Apologies for my absence, as I've been occupied for nearly two years with entirely distinct pursuits—tracking down wrongdoers across borders. This journey is ongoing, yet during this period, I've gained a clearer perspective on why and how I intend to rejuvenate this newsletter.
To kick off, I delve into the seismic transformation that I believe we are presently undergoing. In short, I believe the era of startups has reached its culmination, and entrepreneurs who have yet to secure strong market positions should begin exploring a wholly different playbook.
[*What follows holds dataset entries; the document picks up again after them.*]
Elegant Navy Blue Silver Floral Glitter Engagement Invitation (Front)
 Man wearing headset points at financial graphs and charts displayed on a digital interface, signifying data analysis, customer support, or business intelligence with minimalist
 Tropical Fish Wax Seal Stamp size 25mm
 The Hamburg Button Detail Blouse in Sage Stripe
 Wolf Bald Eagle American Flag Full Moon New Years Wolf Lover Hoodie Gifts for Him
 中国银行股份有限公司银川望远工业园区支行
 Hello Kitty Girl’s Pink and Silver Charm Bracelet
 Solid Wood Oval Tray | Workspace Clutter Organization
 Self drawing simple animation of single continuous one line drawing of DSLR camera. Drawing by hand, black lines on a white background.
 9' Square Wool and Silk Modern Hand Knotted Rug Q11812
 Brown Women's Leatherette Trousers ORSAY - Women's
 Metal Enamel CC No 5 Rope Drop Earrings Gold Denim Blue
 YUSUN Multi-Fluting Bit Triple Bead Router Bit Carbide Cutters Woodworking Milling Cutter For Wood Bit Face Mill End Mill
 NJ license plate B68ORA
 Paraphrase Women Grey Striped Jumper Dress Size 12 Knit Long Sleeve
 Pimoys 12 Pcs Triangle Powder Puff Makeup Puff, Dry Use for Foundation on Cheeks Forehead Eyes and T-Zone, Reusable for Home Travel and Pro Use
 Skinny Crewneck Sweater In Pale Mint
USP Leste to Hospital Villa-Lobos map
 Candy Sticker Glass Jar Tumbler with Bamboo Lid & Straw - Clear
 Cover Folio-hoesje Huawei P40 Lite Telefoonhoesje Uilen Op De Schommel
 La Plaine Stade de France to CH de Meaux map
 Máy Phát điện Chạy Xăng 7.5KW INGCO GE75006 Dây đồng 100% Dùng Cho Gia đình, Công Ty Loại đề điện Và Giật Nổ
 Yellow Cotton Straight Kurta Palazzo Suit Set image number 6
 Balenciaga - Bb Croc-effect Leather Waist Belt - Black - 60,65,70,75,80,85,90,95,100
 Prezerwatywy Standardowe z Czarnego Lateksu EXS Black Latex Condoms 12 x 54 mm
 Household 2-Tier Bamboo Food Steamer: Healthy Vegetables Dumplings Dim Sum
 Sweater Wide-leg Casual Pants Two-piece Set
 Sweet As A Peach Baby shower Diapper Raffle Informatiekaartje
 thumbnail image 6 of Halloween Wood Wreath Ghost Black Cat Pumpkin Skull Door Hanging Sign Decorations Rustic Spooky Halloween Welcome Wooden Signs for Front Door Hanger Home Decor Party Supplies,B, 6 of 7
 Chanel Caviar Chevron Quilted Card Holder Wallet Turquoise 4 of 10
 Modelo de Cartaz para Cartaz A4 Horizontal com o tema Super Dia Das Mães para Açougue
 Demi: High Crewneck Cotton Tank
1/ The inspiration for this newsletter came from viewing one of those impromptu videos featuring the geopolitical strategist Peter Zeihan as he wanders in the great American outdoors. I was particularly drawn to this one because it focuses on innovation, a subject that Zeihan acknowledges doesn't typically hold a prominent place in his thinking. Here’s the relevant quote (emphasis mine):
Innovation requires a fairly specific set of circumstances. You need enough people in their 20s and 30s imagining a future and developing the tech, along with a capital-rich environment.... Our world is changing, and these conditions are no longer present, so we must temper our expectations. Anything that hasn't reached operationalization...probably won't make it.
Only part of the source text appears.